Never in the history of UK health policy have politicians been so keen to be seen to be basing their decisions on the best research evidence. Or as the First Secretary of State Dominic Raab put it on 7 May at the daily Number 10 Covid press conference, “We’ve always been guided by the science.”
Indeed, “Informed by the science” is the first of the five guiding principles laid out in the Government’s “Our plan to rebuild; The UK Government’s COVID-19 recovery strategy” (section 2.5) published on 11 May. The other four are: fairness; proportionality; privacy; and transparency.
It was perhaps inevitable that the Labour Leader, Sir Keir Starmer, on the day (6 May) that it was announced that the UK had the highest Covid mortality rates in Europe, should ask the Prime Minister Boris Johnson at question time: “How on Earth did it come to this?”.
Was the science wrong? Was the science misinterpreted by politicians? Was the implementation deficient? Or is there something unique about the UK that made it a special case, outside the scientific norms? Currently the official response is that it is too early to come to a definite conclusion on the UK response – we will only really know our comparative mortality performance when we have “all cause excess death” data. This will take some time and will form part of the inevitable post-pandemic review. However early signs suggest that the final number will not be reassuring – currently estimated to be approaching 60,000 extra deaths.

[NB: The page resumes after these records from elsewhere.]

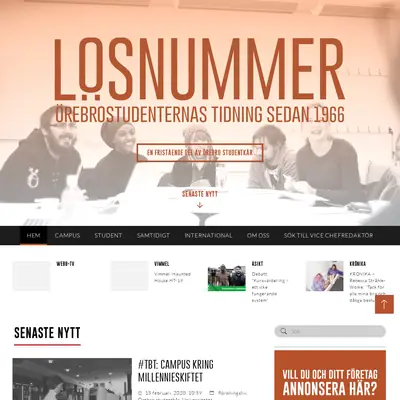 Lösnummer startsida 2020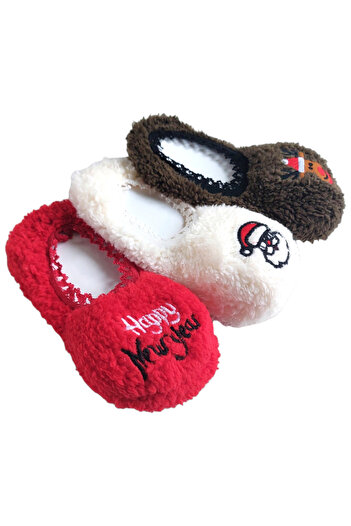 Ollero 3 Pairs of Children's Plush Ballerina Socks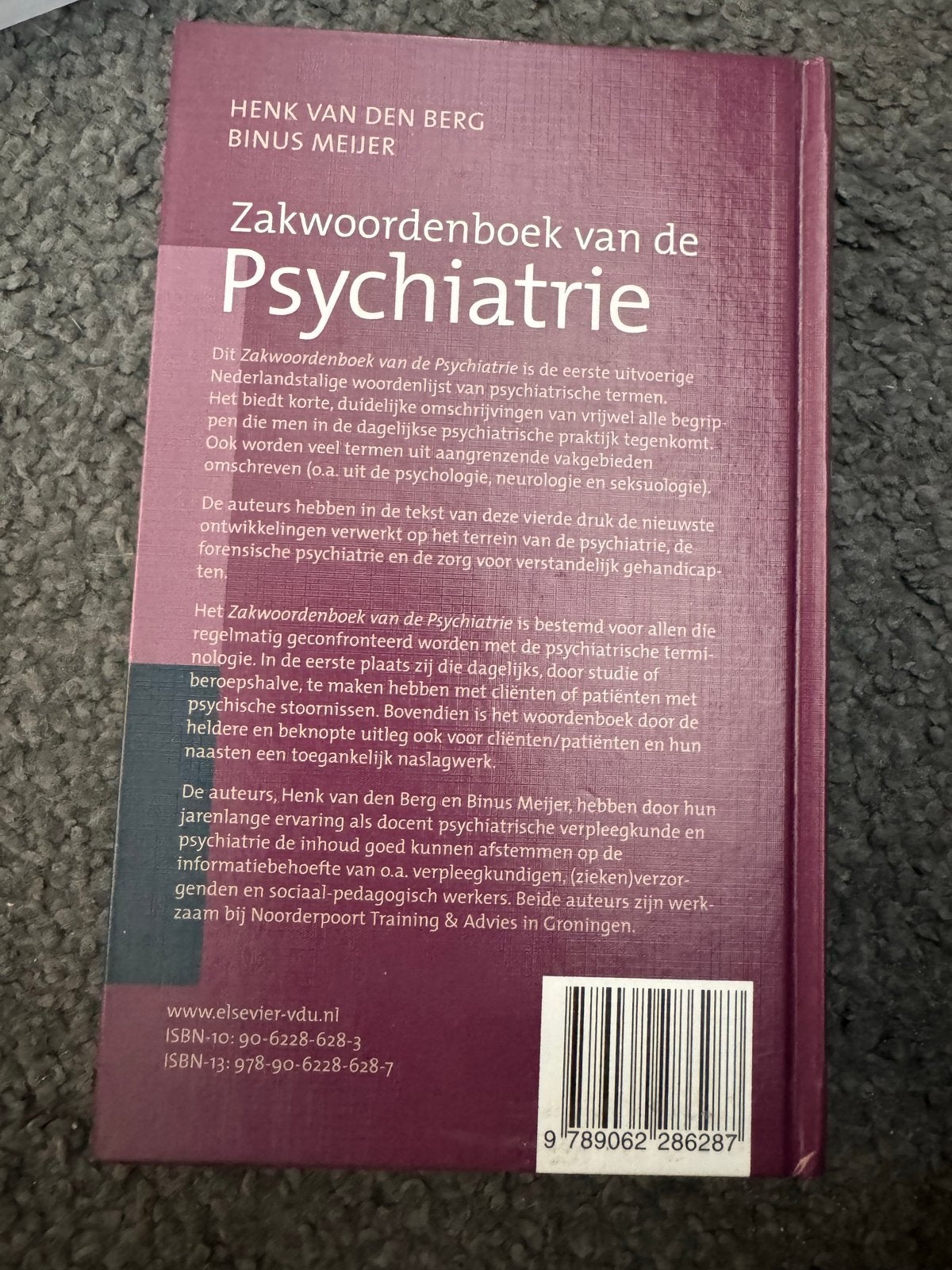 B. Meijer - Zakwoordenboek van de Psychiatrie, Sociale wetenschap, Nieuw, Ophalen of Verzenden, B. Meijer; H. van den Berg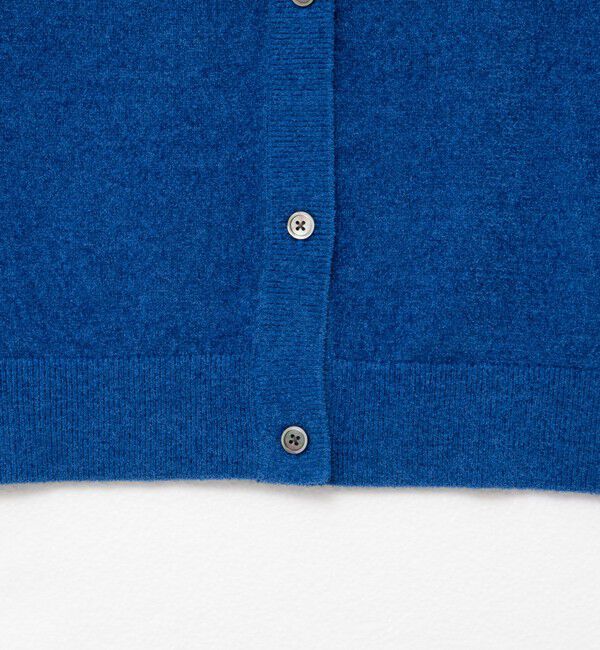 Rie Miller「《手洗い可能》《アンサンブル対応》モールヤーンクルーネックカーディガン」|カーディガン|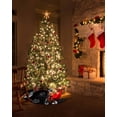 thumbnail image 5 of Black Pumpkins Fall Christmas Tree Skirt 36 Inches Large Christmas Skirt Tree, Maple Leaf Botanical Thanksgiving Tree Skirt Christmas Decorations for Fireplace Party Holidays Indoor Outdoor, 5 of 7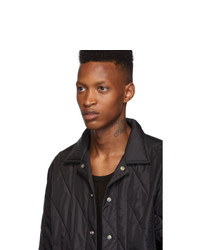 Chemise à manches courtes noire Rick Owens DRKSHDW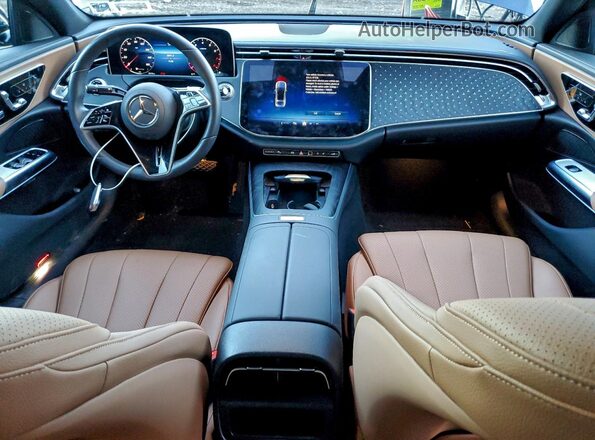 W1KLF4HB1SA171433 2025 MERCEDES-BENZ E Blue წინა პანელის ხედი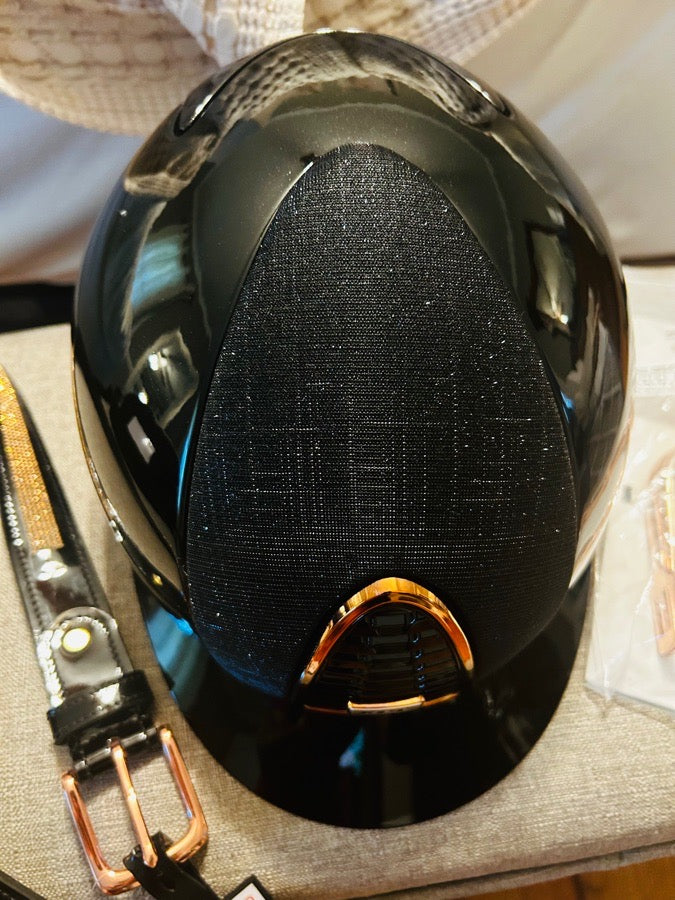 NEW KEP helmet large shell rose gold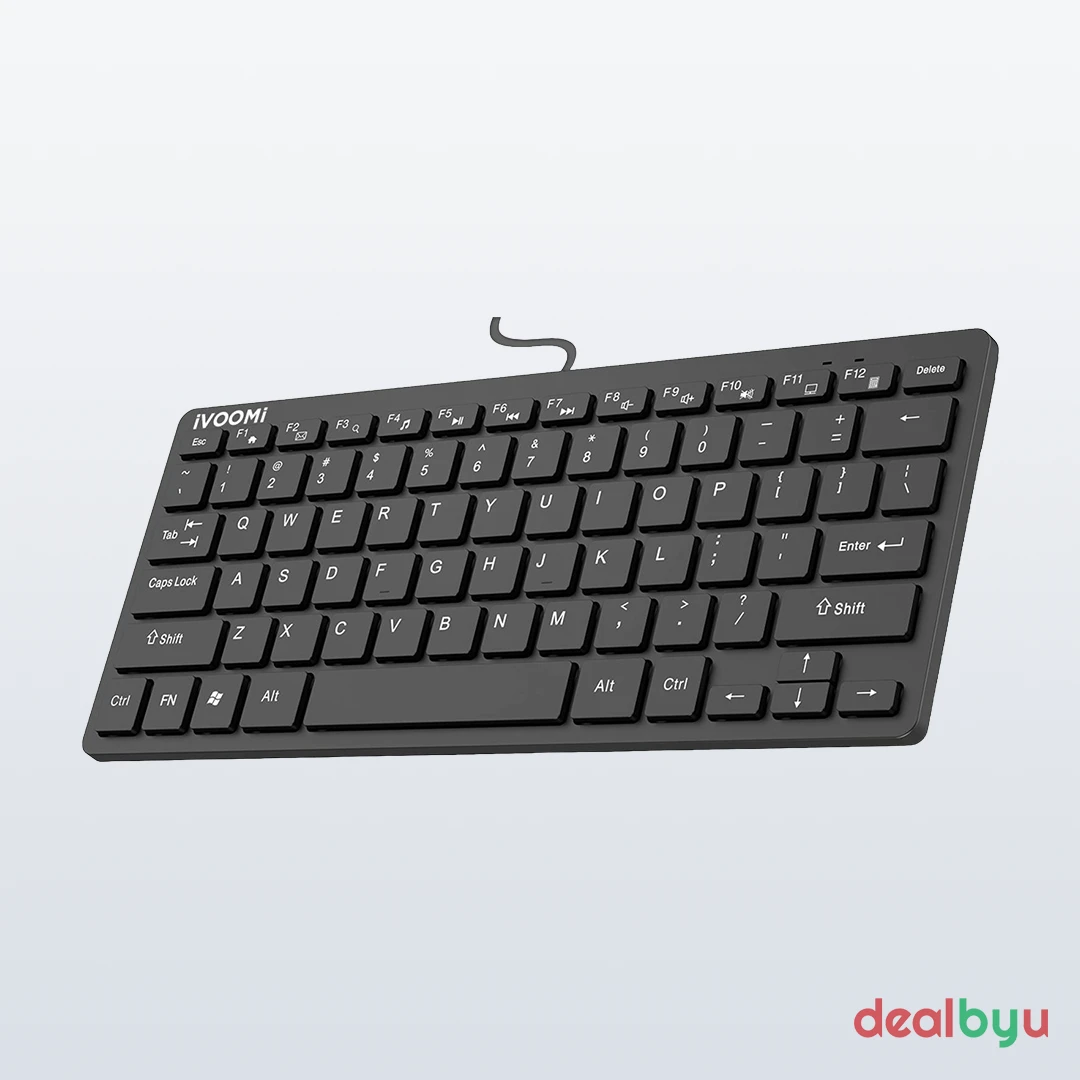 iVOOMi Venom Black Mini Wired Keyboard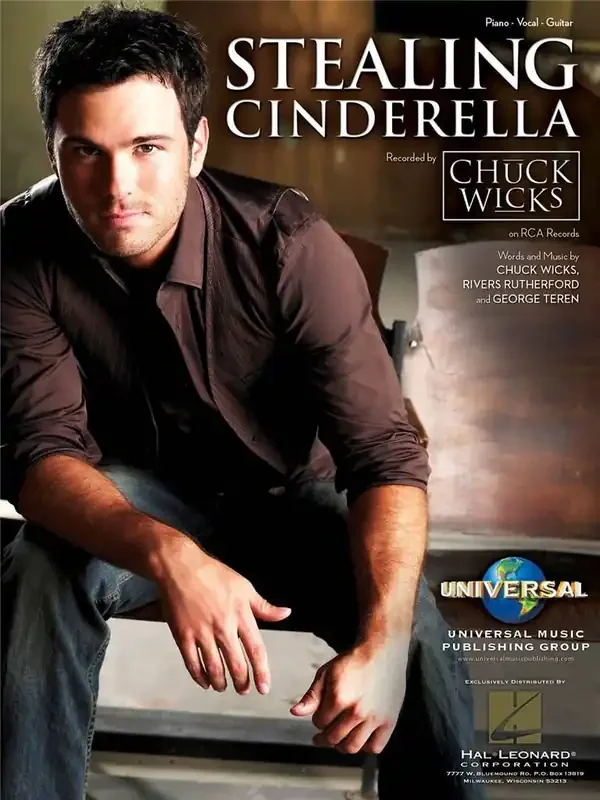 Chuck Wicks Stealing Cinderella Klavier, Gesang, Gitarre (Songbooks)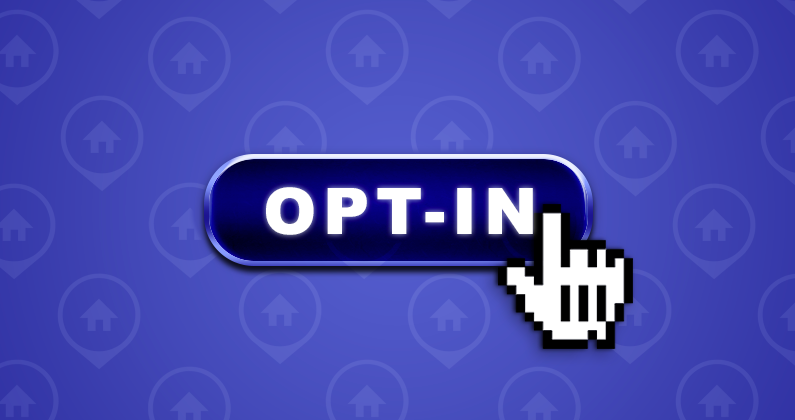 A button with "Opt In" written on it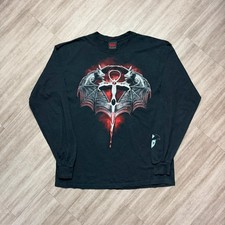 Vintage Spiral Direct Gothic Grunge Affliction Long Sleeved T Shirt Large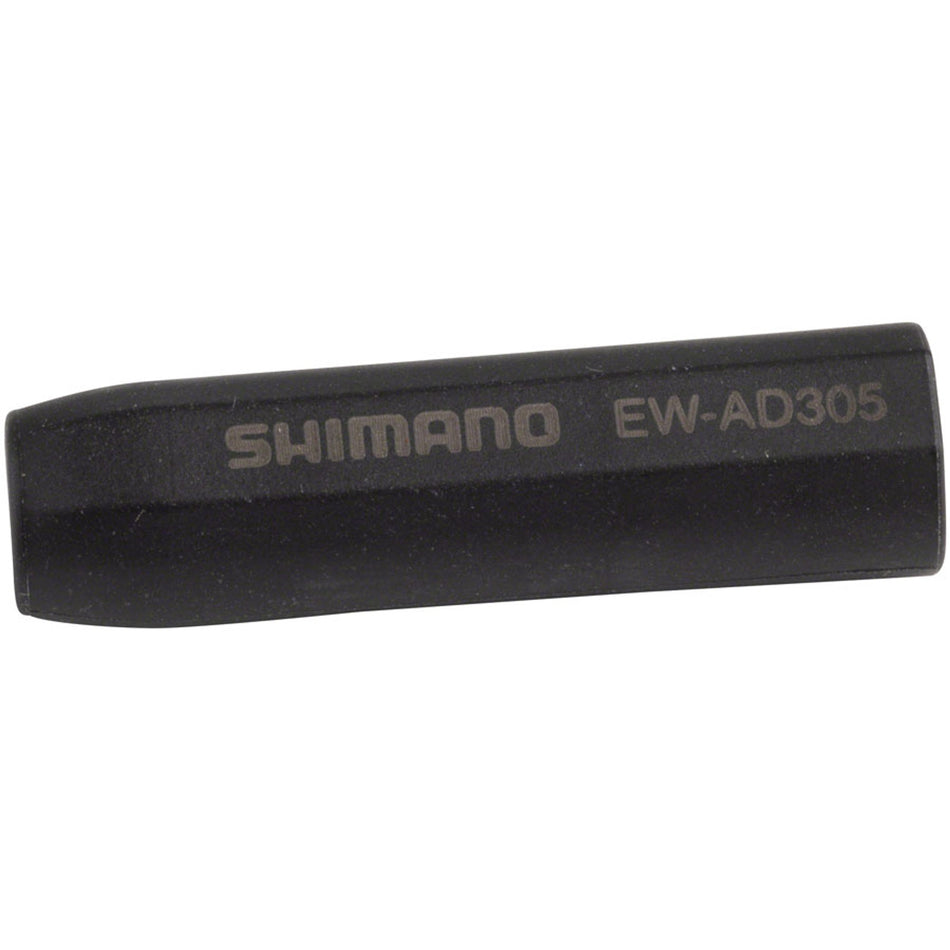 Shimano Di2 EW-AD305 conversion adapter for electronic shifters, shown with connecting cable and components.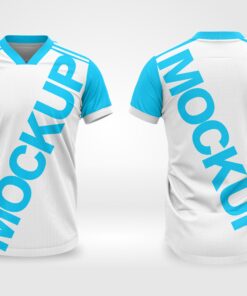 Mockup e layout   Camisa Gola V Adidas editável   vetorizada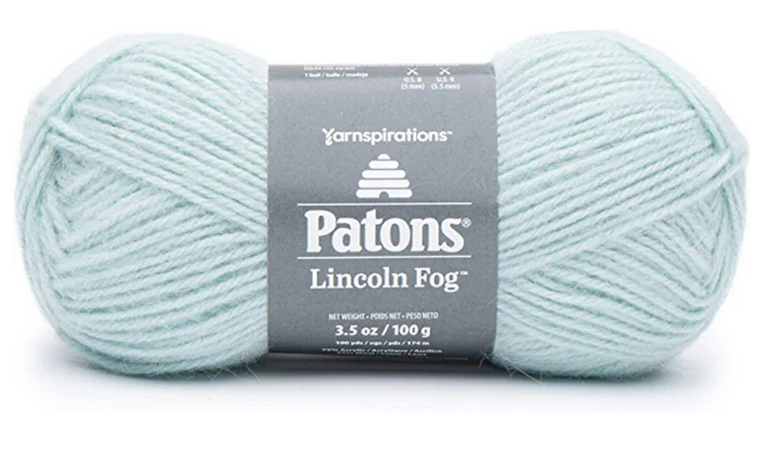 Patons Lincoln Fog Nest Egg Wool Blend Knitting & Crochet Yarn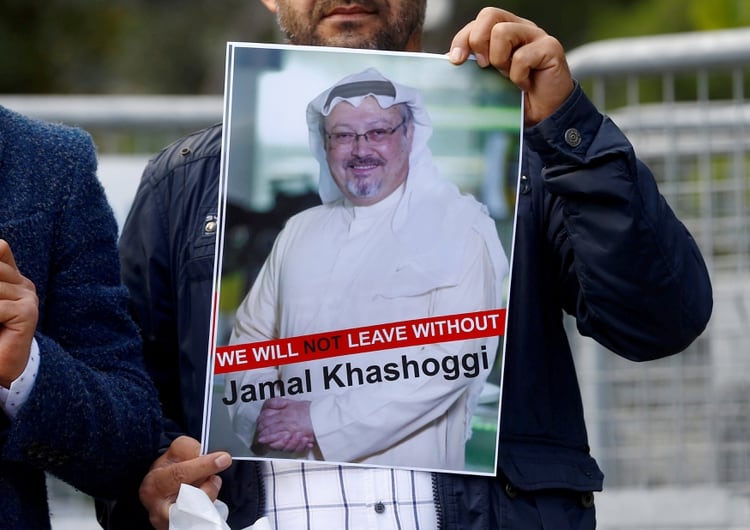El periodista Jamal Khashoggi fue asesinado en el consulado saudita de Estambul en 2018 e investigan cuál fue la responsabilidad del príncipe heredero en el homicidio (REUTERS)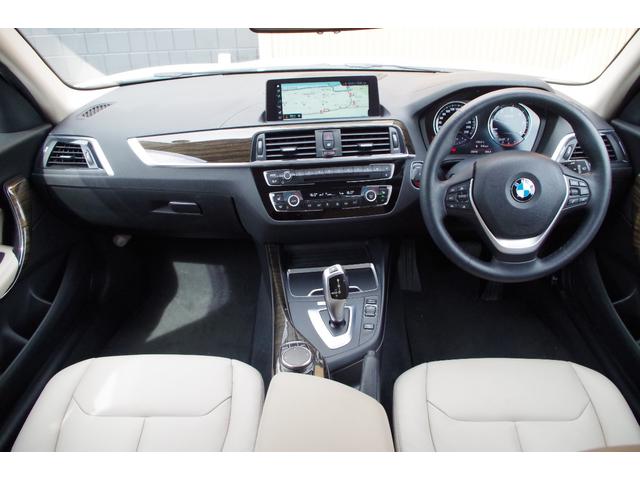 １シリーズ １１８ｄ　ファッショニスタ　特別仕様車　オイスターレザーシート　アダプティブクルーズコントロール　インテリジェントセーフティ　パークディスタンスコントロール　コンフォートアクセス　バックカメラ　純正ナビ　ドラレコ　ＥＴＣ（4枚目）
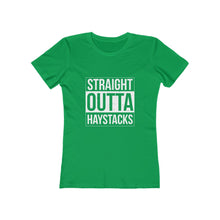 Load image into Gallery viewer, Straight Outta Haystacks Women's Tee - Adventist Apparel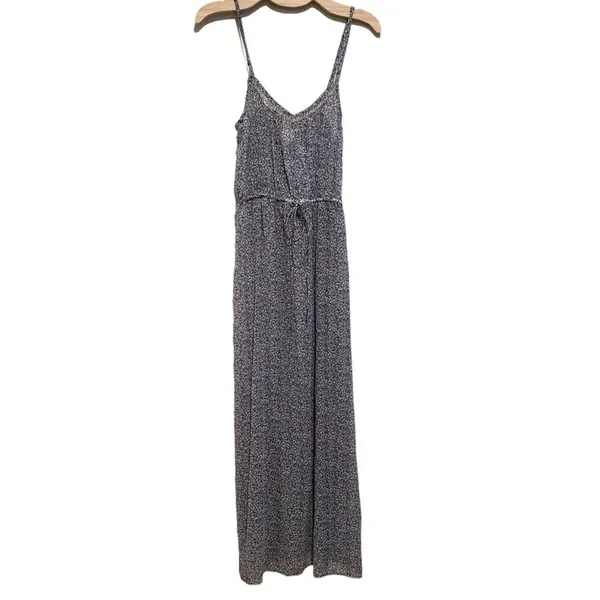 Anthropologie STARING AT STARS SHEER DITZY PRINT MAXI STRAPLESS DRESS S - Image 2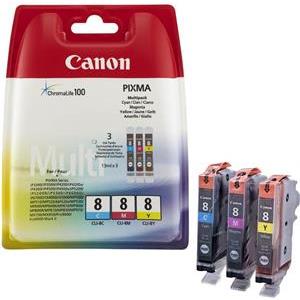 Canon CLI-8 Multipack - 3-pack - yellow, cyan, magenta - original - ink tank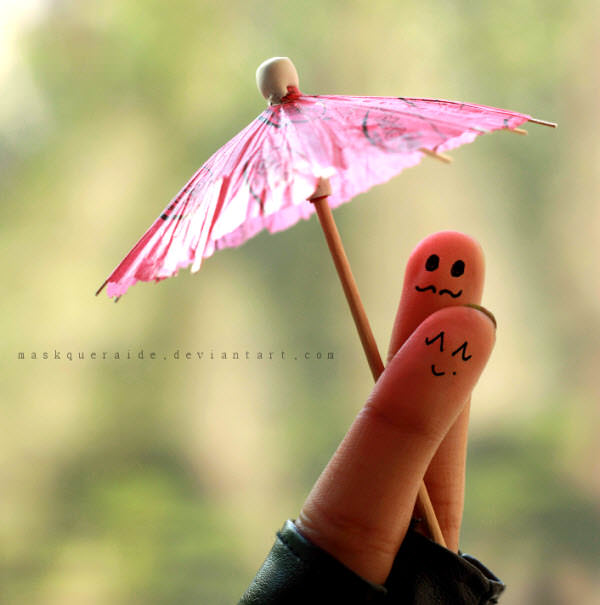 under my umbrella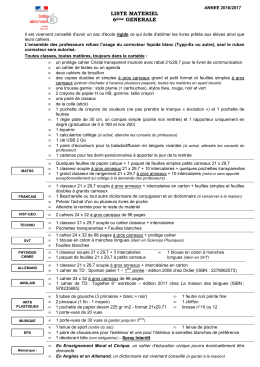 liste matériel 2016-2017 - Académie de Nancy-Metz
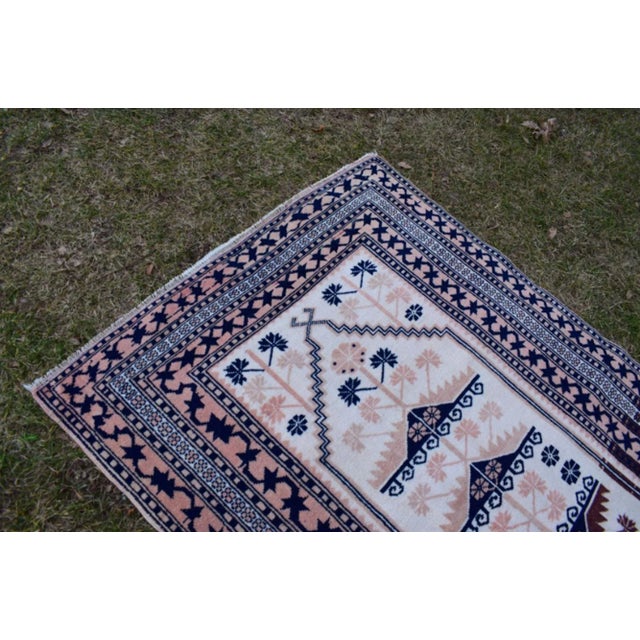 Oriental Area Rugs Wool Turkish Oushak Rug For Sale - Image 4 of 13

There are already some hints of where the problem lies:
First, and perhaps the most obvious, is that research evidence is itself a contested concept. Differerent scientists will have different views based on the same evidence. This is not new. Back in the 17th and 18th centuries when scientific understanding of the natural world was surging and Sir Isaac Newton discovered the laws of physics, English visionary artist and poet William Blake expressed caution that “God forbid that Truth be Confined to Mathmatical Demonstration”.
As well as being an artist and poet, Blake was an English radical, sceptical of institutions, alert to inequality and abuse of power, and representative of a different kind of Englishness perhaps. His work, like science, is also contested – for example, the poem Jerusalem, whose words were put to music by Sir Hubert Parry to create the famous hymn of the same name, is now a popular anthem with both the left and right.
Blake is often portrayed as being “anti-science”. But his celebrated painting of Newton (1795-1805) revealed that Blake had a premonition of how profound the contested nature of evidence would become.